Problem to solve.
Your answer must be the full listing, word for word, with no images in it.

Entries provided.
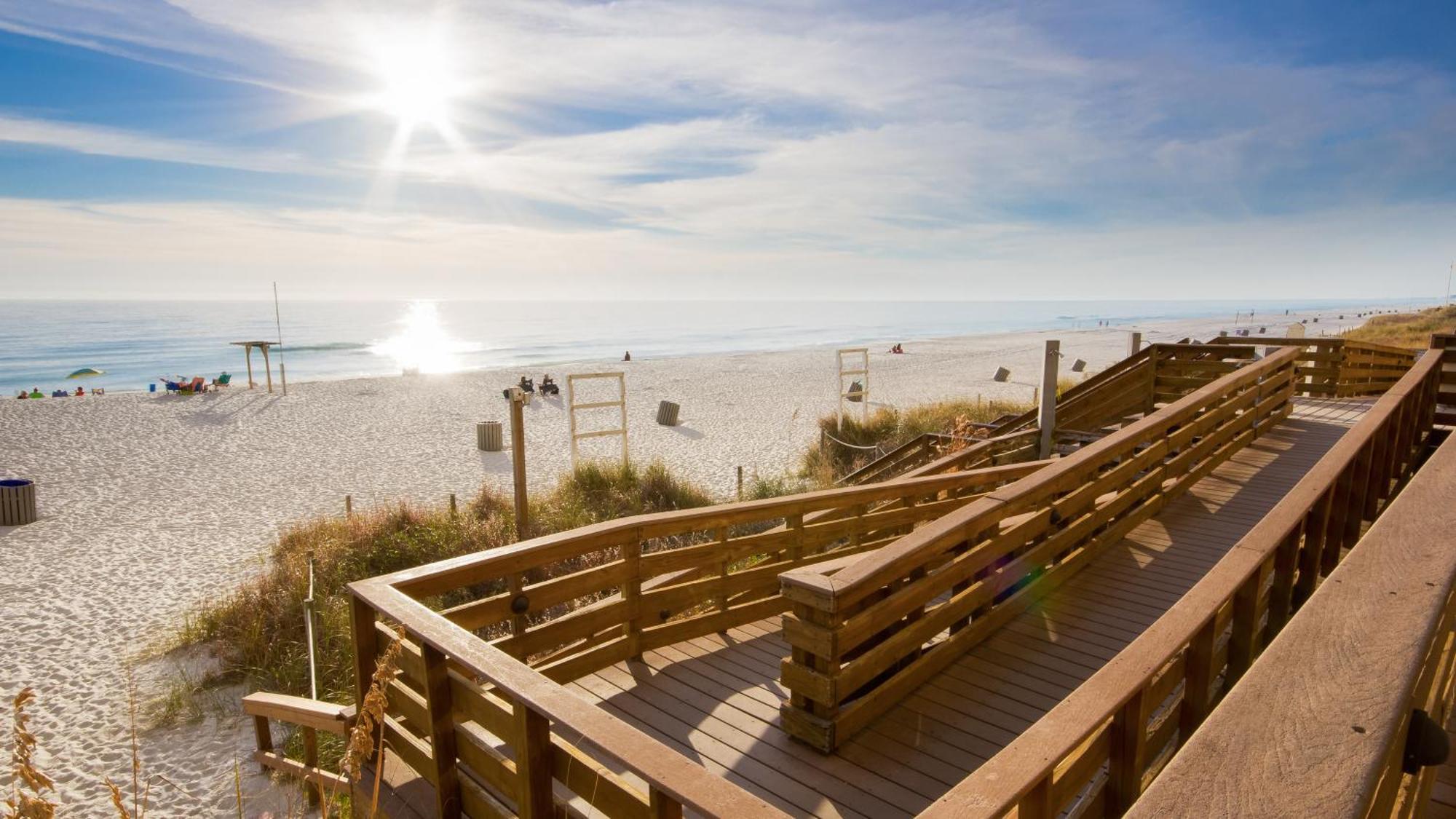 Tidewater Escape: 1Br/2Ba Beachfront Condo, Sleeps 6, Gulf Views & Comfort! Panama City Beach Eksteriør bilde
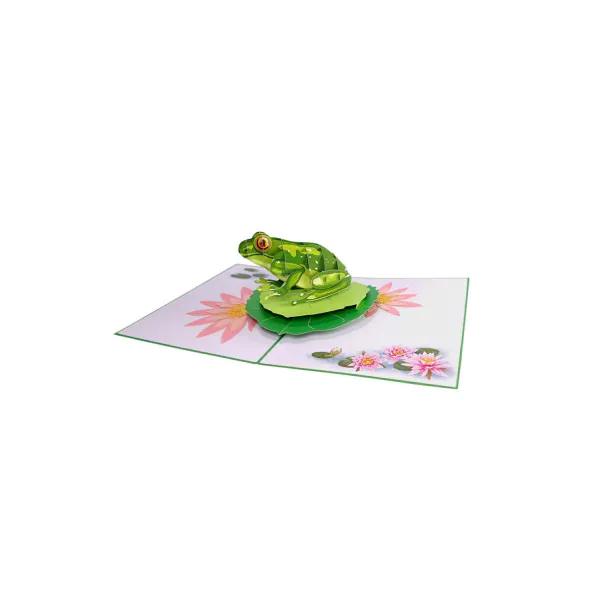 3D Přání - Žába
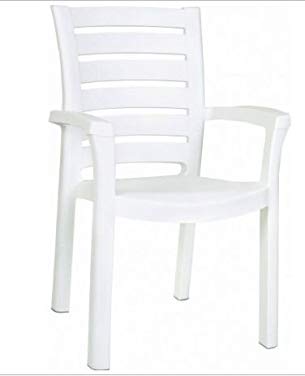 Marina Stacking Dining Arm Chair [Set of 4]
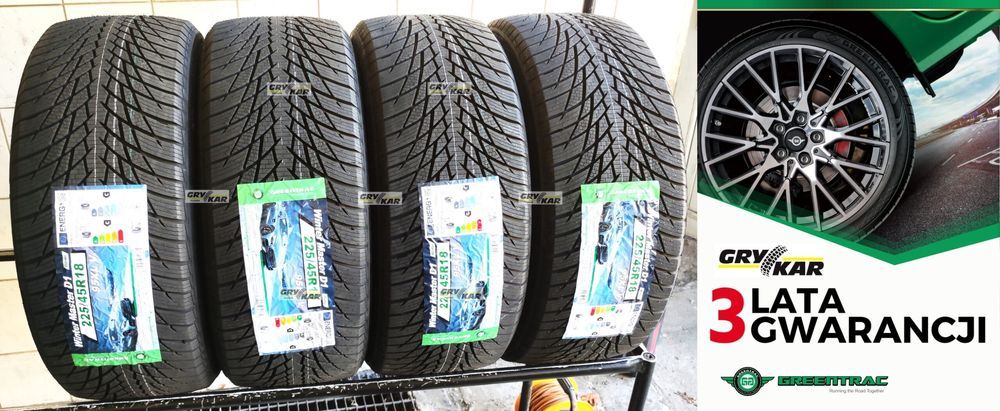 Opony 225/45R18 Greentrac Winter Master D1 4szt. 2025r 3 lata gwar.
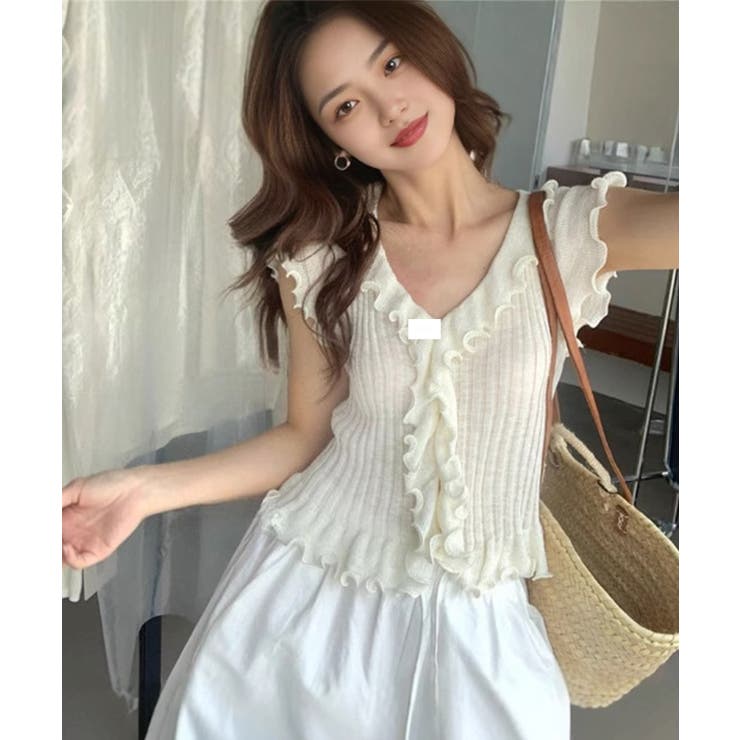 【Jasmine】ラッフルサマーニットカーディガン Jasmine Grandi… | aimoha  | 詳細画像13 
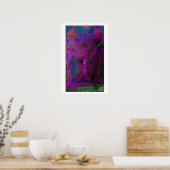 ラバーズタロットカードサイケデリックポスター ポスター (キッチン)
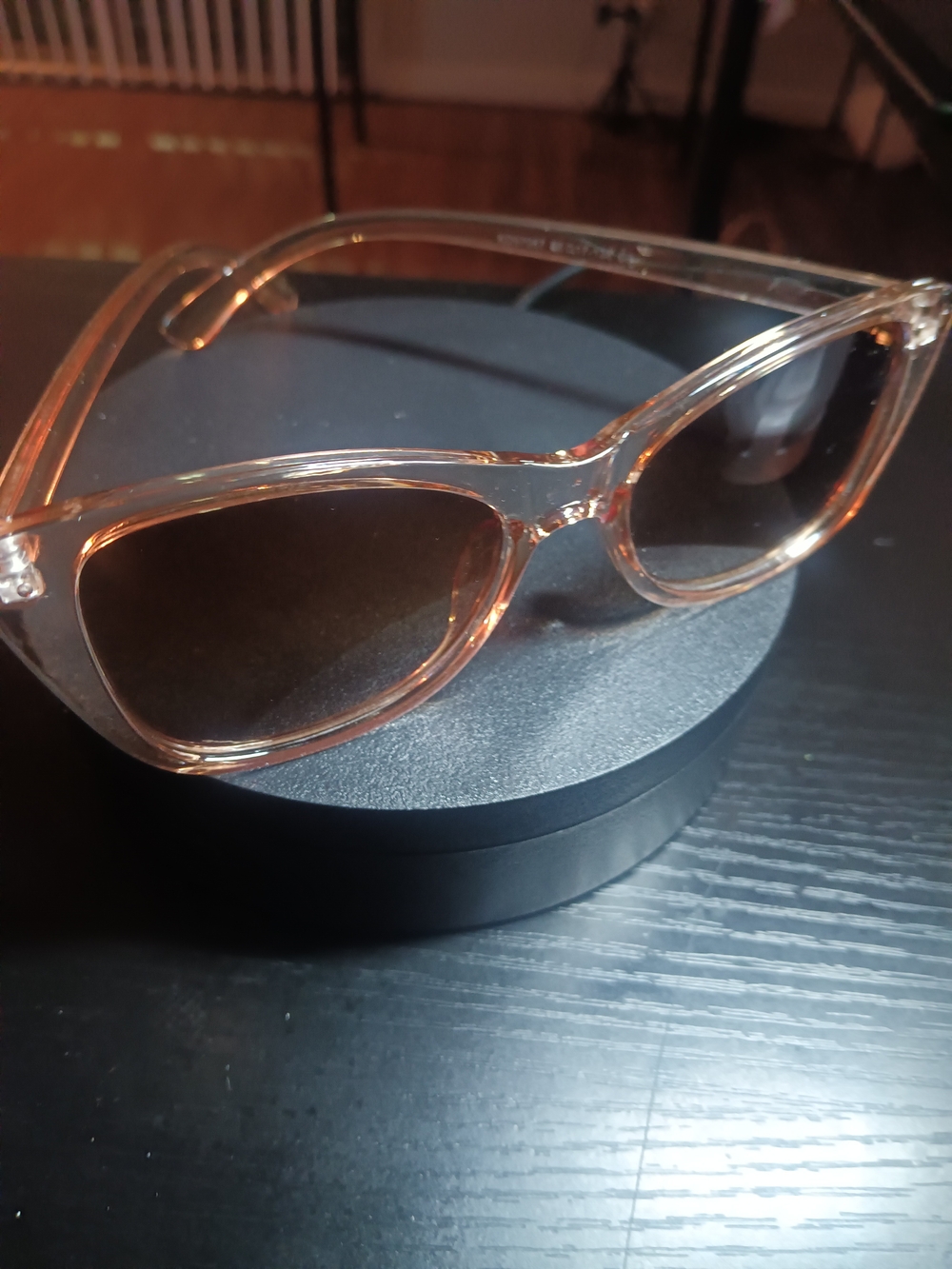 Clear Peachy Cat-Eye Sunglasses - Women's Fashion Shades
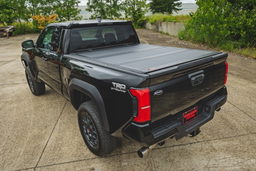 Hard Tri-Fold Flip Up Bed Cover for 2024–2025 Toyota Tacoma, view 5, Rough Country 49420650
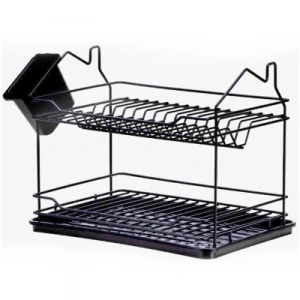 ,evim 2 Katlı Tabaklık Siyah (5148)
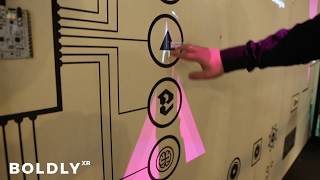 BoldlyXR x Rabobank Interactive Wall making off (conductive paint)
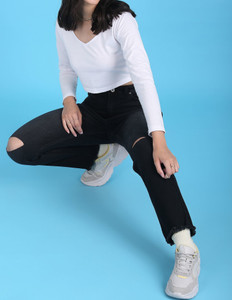 FLYING MACHINE Regular Women Black Jeans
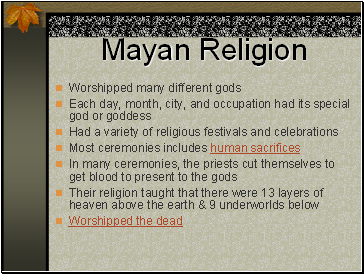 Mayan Religion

Finished task.
 Tidewater Escape: 1Br/2Ba Beachfront Condo, Sleeps 6, Gulf Views & Comfort! Panama City Beach Eksteriør bilde
 3D Přání - Žába
 Marina Stacking Dining Arm Chair [Set of 4]
 Opony 225/45R18 Greentrac Winter Master D1 4szt. 2025r 3 lata gwar.
 【Jasmine】ラッフルサマーニットカーディガン Jasmine Grandi… | aimoha  | 詳細画像13 
 ラバーズタロットカードサイケデリックポスター ポスター (キッチン)
 Clear Peachy Cat-Eye Sunglasses - Women's Fashion Shades
 Hard Tri-Fold Flip Up Bed Cover for 2024–2025 Toyota Tacoma, view 5, Rough Country 49420650
 ,evim 2 Katlı Tabaklık Siyah (5148)
 BoldlyXR x Rabobank Interactive Wall making off (conductive paint)
 FLYING MACHINE Regular Women Black Jeans
 Mayan Religion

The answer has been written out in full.